Nie wiadomo, czy jedenastka Andrei Pirlo byłaby taka sama, gdyby faktycznie Juventus spodziewał się przyjazdu SSC Napoli i przystępował do hitu kolejki. Od soboty było jednak wiadomo, że drużyna z południa Italii nie przyleci na mecz z powodu wykrycia zakażeń koronawirusem u Piotra Zielińskiego oraz Eljifa Elmasa. "Sanepid" nie zezwolił na podróż do Turynu.
Juventus dochował formalności, żeby nie być zagrożonym obustronnym walkowerem. Zarządzająca rozgrywkami Lega Serie A nie odwołała meczu. Zgodnie z zasadami zaakceptowanymi przez kluby przed sezonem drużyna ma obowiązek przystąpić do spotkania w Serie A, jeżeli ma zdrowych 13 zawodników, w tym bramkarza. O przełożenie spotkania można wnioskować przy minimum 10 zakażeniach, a na razie w Napoli tylu nie ma.
ZOBACZ WIDEO: Piłka nożna. Tomaszewski zachwycony nagrodami Lewandowskiego. "To jeden z najszczęśliwszych dni polskiego futbolu"

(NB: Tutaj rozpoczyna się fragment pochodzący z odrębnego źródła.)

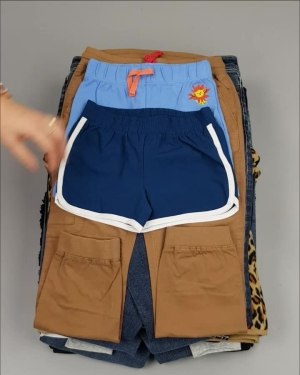 Фотография  227 - AMAZON Kids#7 кг , лот № 2531 оптом в Сочи и Краснодарском крае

Sędziowie sprawdzili, czy siatki nie są dziurawe, czy nasiąknięte wodą boisko nadaje się do grania, ale były też oczywiście mniej typowe sceny. Piłkarze przechadzali się po stadionie z telefonami, radośnie rozmawiali ze sobą, a na stadionie grała muzyka. Z czasem sytuacja stała się odrobinę nużąca, a i operatorzy kamer oraz fotoreporterzy nie mieli już nic nowego do dokumentowania. Piłkarze schowali się do szatni.
Bianconeri mogli rozjechać się do domów po 21:30. O tej godzinie sędzia oficjalnie zakończył oczekiwanie na przyjazd zespołu gości.
Decyzja, czy Juventusowi zostanie przyznany walkower, czy zostanie wyznaczony inny termin hitu, należy do Serie A. Czasu na zastanowienie się jest sporo, ponieważ rozpoczyna się przerwa reprezentacyjna.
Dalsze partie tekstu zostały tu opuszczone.